WHAT YOU HAVE TO DO:
For the records below, print the lines from the line with "YAS Jumpsuit 'YASOLINDA' i lilla: forside" through the line with "Arranjeet Machine Washable" exactly as written; include both end lines and exclude the rest.

Dataset entries:
"""
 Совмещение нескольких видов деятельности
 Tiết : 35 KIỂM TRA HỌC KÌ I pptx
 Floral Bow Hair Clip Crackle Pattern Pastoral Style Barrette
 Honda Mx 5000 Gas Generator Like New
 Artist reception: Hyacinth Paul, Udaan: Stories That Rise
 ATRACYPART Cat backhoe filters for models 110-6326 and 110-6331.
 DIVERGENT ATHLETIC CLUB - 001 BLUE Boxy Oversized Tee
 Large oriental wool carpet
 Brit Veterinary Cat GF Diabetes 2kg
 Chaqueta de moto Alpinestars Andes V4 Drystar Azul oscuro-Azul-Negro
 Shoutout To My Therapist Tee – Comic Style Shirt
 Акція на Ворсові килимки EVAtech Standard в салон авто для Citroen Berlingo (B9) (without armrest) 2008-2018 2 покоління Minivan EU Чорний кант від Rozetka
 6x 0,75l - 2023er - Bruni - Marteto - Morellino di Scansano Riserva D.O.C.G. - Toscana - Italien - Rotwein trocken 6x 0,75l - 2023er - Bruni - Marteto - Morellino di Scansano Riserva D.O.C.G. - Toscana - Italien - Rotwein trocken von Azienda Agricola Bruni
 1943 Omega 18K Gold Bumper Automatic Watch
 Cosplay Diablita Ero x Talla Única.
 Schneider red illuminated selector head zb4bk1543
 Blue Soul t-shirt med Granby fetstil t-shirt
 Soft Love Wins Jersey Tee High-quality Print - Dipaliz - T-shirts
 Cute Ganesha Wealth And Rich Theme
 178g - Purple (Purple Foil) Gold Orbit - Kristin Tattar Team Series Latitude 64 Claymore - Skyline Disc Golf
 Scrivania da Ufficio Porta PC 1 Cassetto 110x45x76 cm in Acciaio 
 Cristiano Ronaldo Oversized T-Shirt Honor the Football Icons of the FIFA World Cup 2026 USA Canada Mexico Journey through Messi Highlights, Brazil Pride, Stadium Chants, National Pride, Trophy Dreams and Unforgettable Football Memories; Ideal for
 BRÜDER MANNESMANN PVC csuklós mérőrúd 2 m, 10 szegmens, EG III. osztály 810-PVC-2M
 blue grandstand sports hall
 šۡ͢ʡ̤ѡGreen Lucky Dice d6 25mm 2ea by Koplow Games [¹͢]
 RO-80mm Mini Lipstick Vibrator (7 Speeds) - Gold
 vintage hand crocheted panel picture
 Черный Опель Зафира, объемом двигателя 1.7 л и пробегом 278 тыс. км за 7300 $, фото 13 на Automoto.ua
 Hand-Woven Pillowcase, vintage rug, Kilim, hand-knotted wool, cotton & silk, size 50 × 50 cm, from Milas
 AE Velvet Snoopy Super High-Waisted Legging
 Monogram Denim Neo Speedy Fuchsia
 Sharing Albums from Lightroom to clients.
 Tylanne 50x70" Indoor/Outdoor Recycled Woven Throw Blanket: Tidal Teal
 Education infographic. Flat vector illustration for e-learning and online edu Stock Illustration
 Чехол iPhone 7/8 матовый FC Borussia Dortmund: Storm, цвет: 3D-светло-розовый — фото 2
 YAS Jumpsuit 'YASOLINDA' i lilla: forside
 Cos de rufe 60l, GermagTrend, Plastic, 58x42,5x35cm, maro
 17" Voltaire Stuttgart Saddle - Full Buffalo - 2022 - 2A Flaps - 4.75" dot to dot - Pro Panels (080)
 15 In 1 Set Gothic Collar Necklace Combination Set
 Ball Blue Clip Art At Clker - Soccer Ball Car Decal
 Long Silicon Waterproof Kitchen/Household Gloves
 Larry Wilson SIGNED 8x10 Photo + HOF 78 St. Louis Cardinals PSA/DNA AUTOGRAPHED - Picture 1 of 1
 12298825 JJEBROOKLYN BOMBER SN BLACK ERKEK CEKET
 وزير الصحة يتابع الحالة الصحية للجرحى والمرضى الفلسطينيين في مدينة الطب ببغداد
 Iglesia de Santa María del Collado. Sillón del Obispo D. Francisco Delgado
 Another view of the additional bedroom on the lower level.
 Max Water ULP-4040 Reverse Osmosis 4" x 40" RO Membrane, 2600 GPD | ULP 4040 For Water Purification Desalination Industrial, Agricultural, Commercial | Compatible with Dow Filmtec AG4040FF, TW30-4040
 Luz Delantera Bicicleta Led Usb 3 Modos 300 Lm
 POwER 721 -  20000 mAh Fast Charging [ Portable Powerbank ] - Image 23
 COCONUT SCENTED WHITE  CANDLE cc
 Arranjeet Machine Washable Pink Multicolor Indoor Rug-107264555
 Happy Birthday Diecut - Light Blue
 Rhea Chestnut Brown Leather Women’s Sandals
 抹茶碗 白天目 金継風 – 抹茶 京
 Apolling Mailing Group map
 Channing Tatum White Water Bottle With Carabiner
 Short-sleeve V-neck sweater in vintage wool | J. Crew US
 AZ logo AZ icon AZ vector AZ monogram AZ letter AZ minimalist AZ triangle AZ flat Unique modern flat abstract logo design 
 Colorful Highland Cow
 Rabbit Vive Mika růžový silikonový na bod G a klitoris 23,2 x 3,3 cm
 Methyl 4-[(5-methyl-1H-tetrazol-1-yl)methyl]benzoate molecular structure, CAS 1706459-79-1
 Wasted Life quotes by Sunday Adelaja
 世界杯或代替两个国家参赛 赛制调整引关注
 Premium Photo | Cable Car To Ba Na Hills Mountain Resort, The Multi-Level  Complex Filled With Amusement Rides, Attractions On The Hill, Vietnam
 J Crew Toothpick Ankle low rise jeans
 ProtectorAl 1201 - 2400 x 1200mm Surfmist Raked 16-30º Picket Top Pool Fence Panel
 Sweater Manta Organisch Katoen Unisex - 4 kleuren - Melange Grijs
"""
SOLUTION FOR THIS TASK:
 YAS Jumpsuit 'YASOLINDA' i lilla: forside
 Cos de rufe 60l, GermagTrend, Plastic, 58x42,5x35cm, maro
 17" Voltaire Stuttgart Saddle - Full Buffalo - 2022 - 2A Flaps - 4.75" dot to dot - Pro Panels (080)
 15 In 1 Set Gothic Collar Necklace Combination Set
 Ball Blue Clip Art At Clker - Soccer Ball Car Decal
 Long Silicon Waterproof Kitchen/Household Gloves
 Larry Wilson SIGNED 8x10 Photo + HOF 78 St. Louis Cardinals PSA/DNA AUTOGRAPHED - Picture 1 of 1
 12298825 JJEBROOKLYN BOMBER SN BLACK ERKEK CEKET
 وزير الصحة يتابع الحالة الصحية للجرحى والمرضى الفلسطينيين في مدينة الطب ببغداد
 Iglesia de Santa María del Collado. Sillón del Obispo D. Francisco Delgado
 Another view of the additional bedroom on the lower level.
 Max Water ULP-4040 Reverse Osmosis 4" x 40" RO Membrane, 2600 GPD | ULP 4040 For Water Purification Desalination Industrial, Agricultural, Commercial | Compatible with Dow Filmtec AG4040FF, TW30-4040
 Luz Delantera Bicicleta Led Usb 3 Modos 300 Lm
 POwER 721 -  20000 mAh Fast Charging [ Portable Powerbank ] - Image 23
 COCONUT SCENTED WHITE  CANDLE cc
 Arranjeet Machine Washable Pink Multicolor Indoor Rug-107264555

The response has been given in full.